Anna was brutal with rubbish. There was no room for sentiment when it came to cleaning the flat. James knew that if he put something down in the wrong place, he was liable to lose it.
As the junk slid off the table, Anna caught a fleeting glimpse of Sandra and Mitzi. The photo had been under the pizza box. She stopped and reached into the bag to retrieve it, and stared at the blonde woman and the curly dog.
She nearly dropped it back into the bin then. What was the point of keeping it? Mitzi was only a dog, after all.
But she didn’t throw it away. She wouldn’t want someone throwing away a photo she’d given them of Daniel, even if the odds of recognizing him from it were a million to one.

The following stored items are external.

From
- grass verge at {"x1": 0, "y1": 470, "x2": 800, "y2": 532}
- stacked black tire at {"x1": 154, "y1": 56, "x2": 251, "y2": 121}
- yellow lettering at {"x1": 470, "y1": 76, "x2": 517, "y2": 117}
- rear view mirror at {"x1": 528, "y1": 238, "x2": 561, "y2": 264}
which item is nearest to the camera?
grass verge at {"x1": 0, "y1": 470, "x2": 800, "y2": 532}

She wouldn’t throw it away. She couldn’t.
She propped it on the window-sill behind the sink.
And suddenly she was looking at the garden through the window.
My God! It felt so familiar!
The angle was odd and the flowers were wrong and the smell was wrong, too – it was grease and dry dust, not grass and blossoms – but Anna was right there, even though the flowers were far away. Or were they? The perspective wasn’t right and she couldn’t tell what kind of flowers they were, even though her father had loved to garden and had taught her some names. She squinted but she didn’t see anything she recognized – not even common flowers like roses and daisies. They were big and coarse and the edges were … black? And there was something on the window-sill …
She reached out a hand to pick it up—
There was nothing there. Her hand hovered between the sink and the window, with nothing in its grasp but air. No flowers, no grass, no misty trees. Just the stale air of a messy kitchen.
Anna shivered so hard she had to put out a hand to steady herself against the table to keep from stumbling sideways. She felt as if she’d been stretched out like a piece of elastic and now she’d pinged back, made limp by the effort.
Barely breathing, Anna waited for something else, but there was nothing, and already she couldn’t recapture the feeling of something.
She needed water. Again. She was desperate for water.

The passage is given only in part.